The news about the sale of Chrysler has caused Daimler shares to rise but on the part of Chrysler, Wall Street analysts are doubtful whether it can make it alone.

Wall Street analysts view the pronouncement sale of Chrysler by its parent company DaimlerChrysler AG the producer of Mercedes 300D parts has been advantageous for the German automaker but still taking a wait-and-see approach to see whether the Auburn Hills-based Chrysler can make it on its own.

The DaimlerChrysler stock (DCX) closed Monday at $84.12 up by $2.12 or 2.6 percent a share. It was also a good news for DaimlerChrysler when some analysts has listed the stock as a strong buy with one German analyst estimating the stock could eventually reach $120 especially when the deal on the sale of Chrysler is finished.

Analysts further say that the sale of the 80.1 percent of Chrysler to Cerberus has long been anticipated. The sale of Chrysler to the private multi-billion dollar investment firm would benefit both sides however they would have to sacrifice their nine years of partnership. The downfall of the DaimlerChrysler merger as viewed by many is caused by the different goals and different operating of the two automakers.

Despite the fluctuation on the stock price of DaimlerChrysler’s shares it has still been able to record an increase of $2.12 especially after the official announcement was made on the sale of Chrysler last February 14, 2007.

Craig Hutson, an analyst with Gimme Credit in Chicago said, "The Daimler stock since Feb. 14 when it was announced they were exploring options to sell off Chrysler has dramatically outperformed the market and its peers. Daimler had put itself in a position they had to go forward with a deal. Largely the sale was anticipated by the market, which could be one reason for the somewhat muted response after the announcement."

Last February 1 DCX traded at $63.12 and then suddenly increased to $69.78 on Valentine’s Day the day the DaimlerChrysler CEO Dieter Zetsche has announced that all options were being considered for Chrysler including its possible sales.

Then on April 5 after the announcement DCX reached an amazing increase trading at $84.80. The remarkable growth in price of DaimlerChrysler’s share according to most analysts will continue especially after the expected sale of Chrysler is concluded by the third quarter of this year.
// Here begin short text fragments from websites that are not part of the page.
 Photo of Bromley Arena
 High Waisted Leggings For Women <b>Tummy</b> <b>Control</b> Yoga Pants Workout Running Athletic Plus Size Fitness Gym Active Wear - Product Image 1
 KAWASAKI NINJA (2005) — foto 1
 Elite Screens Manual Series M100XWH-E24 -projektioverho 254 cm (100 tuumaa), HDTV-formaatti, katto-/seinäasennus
Here are the benefits that Daimler will reap after the sale of Chrysler:

1. Daimler will become more stable and will face lesser financial risk without Chrysler.

2. Daimler will also get rid of the $19 billion in pension and health care liabilities that it will shoulder if its money-losing arm is not sold.
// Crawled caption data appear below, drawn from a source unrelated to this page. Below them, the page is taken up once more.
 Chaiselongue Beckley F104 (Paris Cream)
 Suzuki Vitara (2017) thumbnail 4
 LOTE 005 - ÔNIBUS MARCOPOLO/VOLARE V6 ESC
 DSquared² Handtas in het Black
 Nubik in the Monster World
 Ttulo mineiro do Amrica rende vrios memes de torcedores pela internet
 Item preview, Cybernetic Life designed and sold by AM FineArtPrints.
3. Daimler can now focus all its efforts, time, energy, and finances on profitable ventures especially on its premier cars and trucks.

According to Jack R. Nerad, an analyst with KBB in Irvine, California, "I see this as a very good move for Daimler."

Daimler is not the only one with the advantages even Chrysler will obtain benefits out from the sale such as:

1. Chrysler will finally get large cash funding from its new owners. This will give the Auburn Hills automaker far greater staying power to compete with the likes of Ford, General Motors and other foreign automakers.

2. Chrysler may now also focus its efforts in developing long terms strategy instead of worrying how it would fare from quarter to quarter.

3. Chrysler may now focus on North American and who knows maybe the inroads Jeep has made into China.

About the Author

Dwyane Thomas is a part time cook and full-time auto-enthusiast. This 31-year old Civil and Environmental graduate is a consultant at one of the engineering firms in Pennsylvania.